Research Talk


Jeffrey D. Ullman
(Professor, Stanford University)

Bio: Jeff Ullman is the Stanford W. Ascherman Professor of Engineering (Emeritus) in the Department of Computer Science at Stanford and CEO of Gradiance Corp. He received the B.S. degree from Columbia University in 1963 and the PhD from Princeton in 1966. Prior to his appointment at Stanford in 1979, he was a member of the technical staff of Bell Laboratories from 1966-1969, and on the faculty of Princeton University between 1969 and 1979. From 1990-1994, he was chair of the Stanford Computer Science Department.

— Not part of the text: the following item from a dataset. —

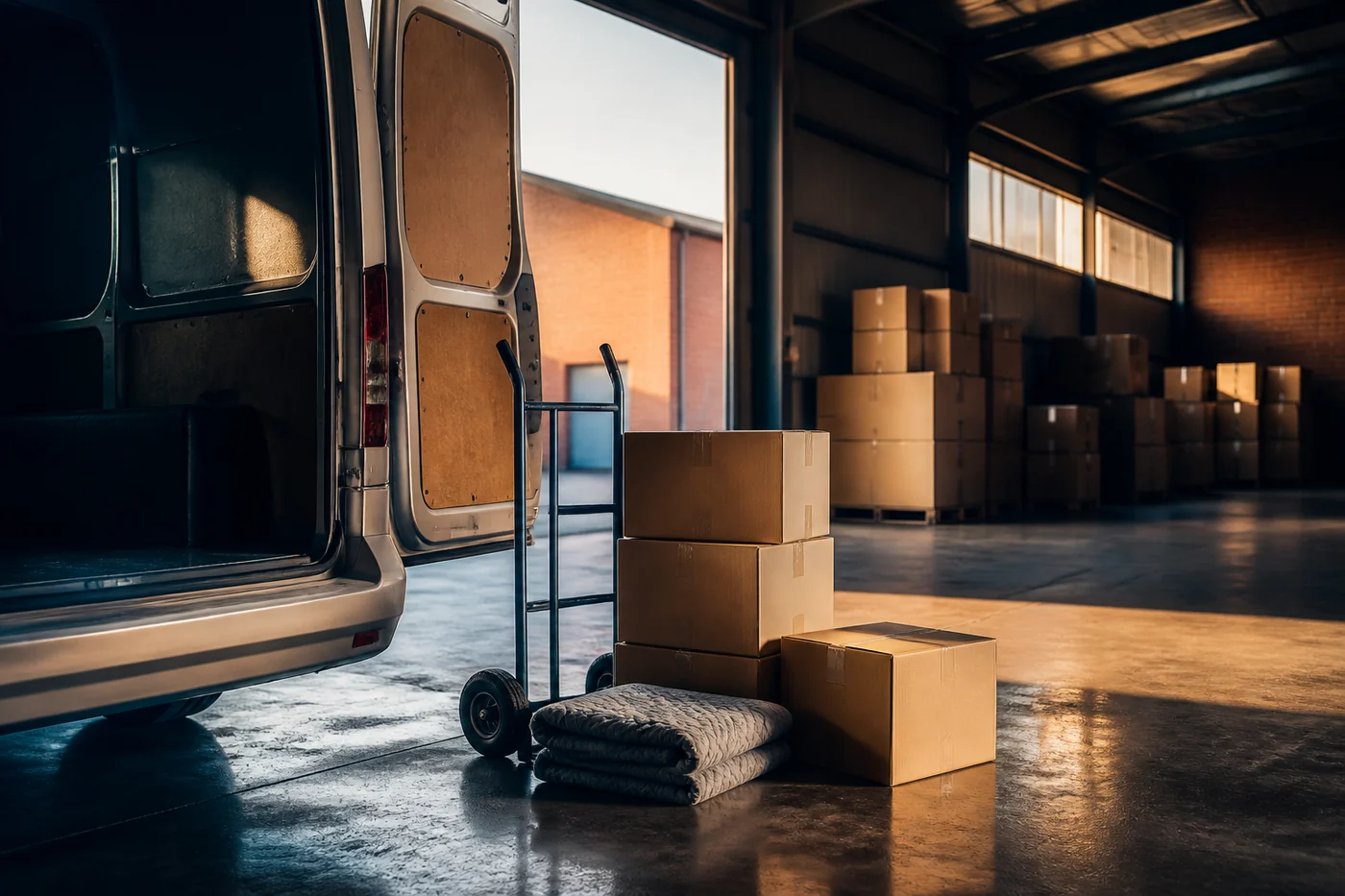 Illustrative moving boxes inside a loading bay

Ullman was elected to the National Academy of Engineering in 1989, the American Academy of Arts and Sciences in 2012, the National Academy of Sciences in 2020, and has held Guggenheim and Einstein Fellowships. He has received the Sigmod Contributions Award (1996), the ACM Karl V. Karlstrom Outstanding Educator Award (1998), the Knuth Prize (2000), the Sigmod E. F. Codd Innovations award (2006), the IEEE von Neumann medal (2010), the NEC C&C Foundation Prize (2017), and the ACM A.M. Turing Award (2020). He is the author of 16 books, including books on database systems, data mining, compilers, automata theory, and algorithms.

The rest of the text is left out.